Сложность этой формулировки говорит о том, что Ю. Л. хорошо сознавал опасность и той и другой угрозы — презумпции однозначности vs. множественности «исторической правды», — о которых мы сегодня хорошо знаем по опыту; не забудем вместе с тем, сколь важно было в 1990-е преодолеть детерминизм и претензии на обладание единственной истиной.

Однако интерес Ю. Л. к «уникальному своеобразию каждого индивида» сложился еще до продумывания французского «прагматического поворота» и всего, что его окружало, — как раз в период его работы над «Жизнью и смертью в средние века» (если не раньше58), где он сталкивался со случаями нестандартного, «выламывающегося» из обычной практики индивидуального поведения. Собственно, именно разработка «новой демографической истории» приводит его к постановке проблемы изучения этого индивидуального «своеобразия» рядом с «массовым поведением (и массовым сознанием)», к вопросу о механизмах взаимодействия массового и индивидуального, поскольку как раз демографическая сфера предстает в его глазах средоточием дихотомии между ними, той областью человеческой жизни, где более, чем где-либо еще, «массовые стереотипы» подвергаются особенно «интенсивному испытанию на прочность» в «повседневной индивидуальной практике»59.

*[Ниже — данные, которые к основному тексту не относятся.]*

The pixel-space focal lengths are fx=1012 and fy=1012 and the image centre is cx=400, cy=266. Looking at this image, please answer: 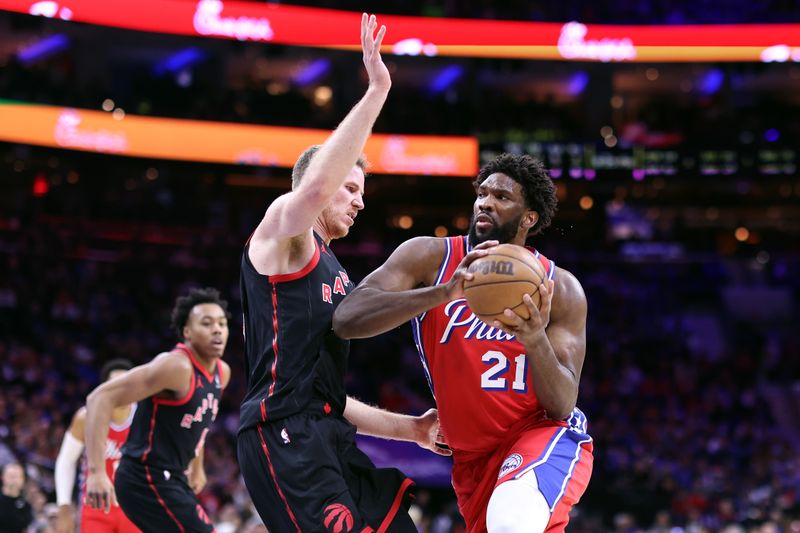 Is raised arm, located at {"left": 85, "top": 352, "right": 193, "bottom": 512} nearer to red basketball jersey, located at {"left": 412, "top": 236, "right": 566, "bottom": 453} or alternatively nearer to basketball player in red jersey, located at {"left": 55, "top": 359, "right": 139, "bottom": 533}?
basketball player in red jersey, located at {"left": 55, "top": 359, "right": 139, "bottom": 533}

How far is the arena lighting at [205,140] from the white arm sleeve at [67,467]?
12.2 meters

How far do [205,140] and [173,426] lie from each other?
47.9 ft

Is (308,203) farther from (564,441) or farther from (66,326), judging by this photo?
(66,326)

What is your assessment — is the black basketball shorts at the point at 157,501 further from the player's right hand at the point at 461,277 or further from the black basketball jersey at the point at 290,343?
the player's right hand at the point at 461,277

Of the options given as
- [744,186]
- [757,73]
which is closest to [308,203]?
[757,73]

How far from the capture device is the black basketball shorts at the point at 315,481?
3785 mm

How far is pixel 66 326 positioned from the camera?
705 inches

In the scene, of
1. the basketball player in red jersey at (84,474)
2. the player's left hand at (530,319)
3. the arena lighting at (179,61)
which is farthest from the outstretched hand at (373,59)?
the arena lighting at (179,61)

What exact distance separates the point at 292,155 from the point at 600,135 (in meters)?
6.38

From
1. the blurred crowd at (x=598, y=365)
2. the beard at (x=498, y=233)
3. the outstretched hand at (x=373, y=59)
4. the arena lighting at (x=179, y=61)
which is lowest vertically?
the blurred crowd at (x=598, y=365)

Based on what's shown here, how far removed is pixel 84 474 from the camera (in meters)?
6.69

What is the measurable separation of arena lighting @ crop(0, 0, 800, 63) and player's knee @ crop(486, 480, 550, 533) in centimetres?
1699

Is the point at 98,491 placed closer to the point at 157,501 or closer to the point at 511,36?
the point at 157,501

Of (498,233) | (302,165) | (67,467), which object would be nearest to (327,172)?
(302,165) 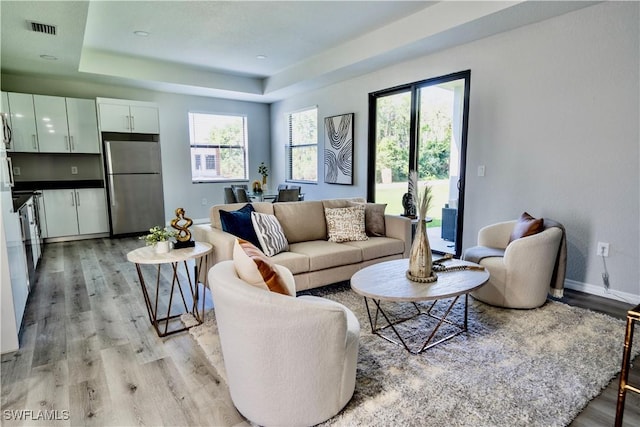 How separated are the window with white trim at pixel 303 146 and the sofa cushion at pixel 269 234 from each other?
11.9 feet

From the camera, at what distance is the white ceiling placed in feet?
10.9

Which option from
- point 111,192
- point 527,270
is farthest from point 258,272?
point 111,192

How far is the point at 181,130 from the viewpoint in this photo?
6828 millimetres

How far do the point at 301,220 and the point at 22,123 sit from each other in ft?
15.4

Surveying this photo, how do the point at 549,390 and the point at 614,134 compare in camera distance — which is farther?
the point at 614,134

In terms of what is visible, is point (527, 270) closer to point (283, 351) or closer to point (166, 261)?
point (283, 351)

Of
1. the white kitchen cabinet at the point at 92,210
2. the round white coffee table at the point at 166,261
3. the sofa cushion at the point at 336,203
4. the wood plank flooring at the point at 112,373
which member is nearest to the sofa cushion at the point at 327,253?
the sofa cushion at the point at 336,203

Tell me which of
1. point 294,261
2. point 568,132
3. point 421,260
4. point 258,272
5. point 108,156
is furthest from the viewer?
point 108,156

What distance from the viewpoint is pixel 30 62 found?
4.59m

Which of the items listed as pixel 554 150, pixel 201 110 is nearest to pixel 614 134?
pixel 554 150

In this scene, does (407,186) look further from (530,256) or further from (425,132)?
(530,256)

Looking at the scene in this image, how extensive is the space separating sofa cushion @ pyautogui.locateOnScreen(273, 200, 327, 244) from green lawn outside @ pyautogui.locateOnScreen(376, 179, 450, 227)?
1698mm

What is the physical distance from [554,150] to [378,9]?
2.32m

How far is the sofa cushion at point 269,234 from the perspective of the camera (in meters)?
2.98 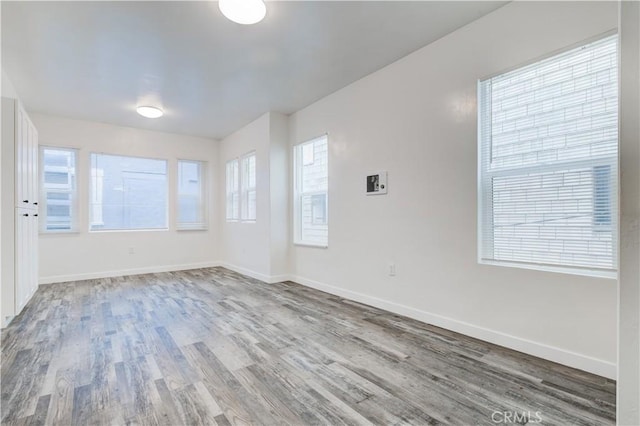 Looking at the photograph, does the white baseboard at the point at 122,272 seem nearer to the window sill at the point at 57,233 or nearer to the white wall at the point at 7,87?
the window sill at the point at 57,233

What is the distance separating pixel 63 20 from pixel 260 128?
8.90 feet

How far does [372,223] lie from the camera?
11.0 feet

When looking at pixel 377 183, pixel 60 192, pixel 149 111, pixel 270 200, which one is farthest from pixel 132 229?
pixel 377 183

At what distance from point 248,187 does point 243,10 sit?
345cm

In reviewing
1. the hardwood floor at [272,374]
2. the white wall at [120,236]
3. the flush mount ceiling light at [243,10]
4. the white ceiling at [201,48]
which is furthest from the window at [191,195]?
the flush mount ceiling light at [243,10]

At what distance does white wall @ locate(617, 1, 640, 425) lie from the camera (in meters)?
0.81

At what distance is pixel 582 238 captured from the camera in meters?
1.95

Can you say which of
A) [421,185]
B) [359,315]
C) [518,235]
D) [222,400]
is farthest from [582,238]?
[222,400]

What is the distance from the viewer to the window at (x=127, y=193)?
5094 millimetres

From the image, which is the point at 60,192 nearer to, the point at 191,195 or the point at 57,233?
the point at 57,233

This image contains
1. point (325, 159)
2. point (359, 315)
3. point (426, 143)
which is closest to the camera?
point (426, 143)

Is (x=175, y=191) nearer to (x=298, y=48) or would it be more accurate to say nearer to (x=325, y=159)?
(x=325, y=159)

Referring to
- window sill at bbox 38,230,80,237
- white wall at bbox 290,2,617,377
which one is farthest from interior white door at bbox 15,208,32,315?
white wall at bbox 290,2,617,377

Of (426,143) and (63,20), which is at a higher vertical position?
(63,20) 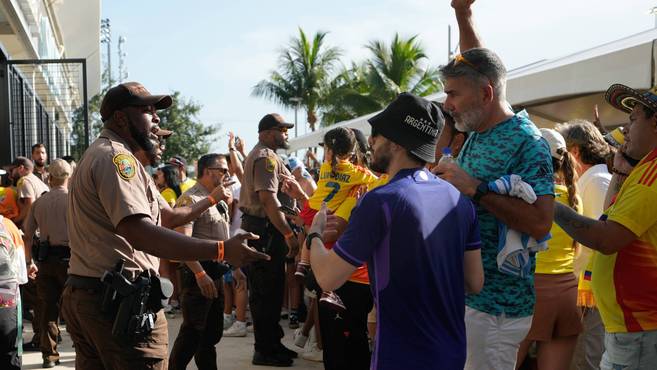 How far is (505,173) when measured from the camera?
329 cm

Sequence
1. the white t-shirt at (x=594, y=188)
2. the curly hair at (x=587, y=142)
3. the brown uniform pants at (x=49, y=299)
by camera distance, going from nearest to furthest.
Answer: the white t-shirt at (x=594, y=188) → the curly hair at (x=587, y=142) → the brown uniform pants at (x=49, y=299)

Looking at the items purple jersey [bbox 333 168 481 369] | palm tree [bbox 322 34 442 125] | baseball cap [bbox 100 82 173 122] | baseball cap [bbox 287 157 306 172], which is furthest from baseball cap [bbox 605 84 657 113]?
palm tree [bbox 322 34 442 125]

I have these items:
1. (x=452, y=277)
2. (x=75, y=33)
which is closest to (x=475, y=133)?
(x=452, y=277)

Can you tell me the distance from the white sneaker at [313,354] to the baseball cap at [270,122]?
2.35m

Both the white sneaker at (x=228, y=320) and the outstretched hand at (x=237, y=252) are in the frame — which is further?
the white sneaker at (x=228, y=320)

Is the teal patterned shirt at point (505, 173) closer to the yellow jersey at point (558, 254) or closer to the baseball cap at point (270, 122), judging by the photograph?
the yellow jersey at point (558, 254)

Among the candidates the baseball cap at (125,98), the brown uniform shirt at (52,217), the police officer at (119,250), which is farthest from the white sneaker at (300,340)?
the baseball cap at (125,98)

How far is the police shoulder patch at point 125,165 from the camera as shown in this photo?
3527 millimetres

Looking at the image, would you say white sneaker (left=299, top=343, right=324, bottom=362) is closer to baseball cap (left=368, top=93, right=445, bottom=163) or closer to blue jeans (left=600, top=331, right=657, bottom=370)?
blue jeans (left=600, top=331, right=657, bottom=370)

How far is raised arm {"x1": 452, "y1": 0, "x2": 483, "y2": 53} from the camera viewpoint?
12.6 feet

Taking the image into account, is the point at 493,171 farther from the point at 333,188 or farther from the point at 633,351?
the point at 333,188

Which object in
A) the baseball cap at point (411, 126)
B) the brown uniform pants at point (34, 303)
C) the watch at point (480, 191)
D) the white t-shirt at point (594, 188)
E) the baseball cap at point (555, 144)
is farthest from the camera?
the brown uniform pants at point (34, 303)

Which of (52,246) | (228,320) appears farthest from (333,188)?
(228,320)

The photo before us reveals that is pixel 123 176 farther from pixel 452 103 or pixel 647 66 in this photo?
pixel 647 66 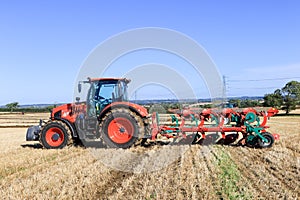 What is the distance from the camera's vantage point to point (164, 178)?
20.1 feet

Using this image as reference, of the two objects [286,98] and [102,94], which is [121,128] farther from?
[286,98]

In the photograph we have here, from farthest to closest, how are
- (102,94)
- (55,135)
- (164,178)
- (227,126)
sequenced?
(227,126) < (102,94) < (55,135) < (164,178)

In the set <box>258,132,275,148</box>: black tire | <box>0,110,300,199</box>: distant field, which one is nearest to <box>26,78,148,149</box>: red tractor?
<box>0,110,300,199</box>: distant field

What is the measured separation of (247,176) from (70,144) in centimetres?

«Казус» — и альманах, и подход — рождается из развития этих поисков, воплотившегося в исследованиях по истории частной жизни: «Речь шла в первую очередь о повседневном поведении человека у себя дома, в кругу семьи и родных, среди друзей и единомышленников и — особо — „наедине с собой". Весь этот спектр человеческих поступков более или менее условно был назван сферой частной жизни»60. Это была в важной части коллективная работа — во главе проекта «История частной жизни и повседневности», организационное ядро которого составили сотрудники группы «Новая демографическая история»,

сформированной ранее в ИВИ под руководством Ю. Л. и позднее преобразованной в центр «История частной жизни и повседневности»61. Этот преимущественно молодой (по меньшей мере в сравнении с Ю. Л.) коллектив и стал опорой разработки казусного подхода и центром проходивших тут дискуссионных семинаров с немалым числом участников62. Так что и теоретическое обоснование самого обращения к индивидуальному в истории, и постановка вопроса о соотношении микро- и макроподходов в исследованиях прошлого, ставшего со временем ключевым, вырастали в пространстве конкретных, отнюдь не отвлеченных исследований.

Я не знаю, произошел ли какой-то особенный случай — конкретный разговор с кем-то из коллег в Москве или во Франции, Германии или Америке, впечатление от какой-то книги или статьи, что-то совсем бытовое, — что подтолкнуло Ю. Л. к переосмыслению самих способов видения прошлого и выявлению и обобщению соответствующих тенденций в современной историографии — переосмыслению, с которым он так отчетливо связал «казусный подход», — или же это переосмысление вырабатывалось постепенно. Ясно, что здесь сказалось сочетание различных факторов. С одной стороны, вопросы, остро поставленные современностью: размышления о взаимоотношениях индивида с «системой» (с политическим строем в особенности), о его возможностях воздействовать на ход истории, характерные для гуманитариев этого круга в период после распада СССР63, Ю. Л. целенаправленно переосмыслял в профессиональном русле. Он отмечал и взаимосвязанность нашего видения прошлого с политическими интерпретациями современности64. С другой стороны, чтение, причем не только в специальном профессиональном русле и не только тогдашней беллетристики, трактовавшей во многом те же вопросы. Отмечу, что интерес к естественно-научным концепциям, близким к синергетике и к работам И. Р. Пригожина в частности, то есть к концепциям, разрушавшим представления о жесткой внутренней взаимосвязанности и гомогенности систем, которые Ю. Л. не единожды цитировал как свидетельство общих изменений во взглядах на мироустройство65, также не был исключительным: к ним обращались и Ю. М. Лотманбб, и Г. С. Кнабе67. И, наконец, собственно профессиональная сфера.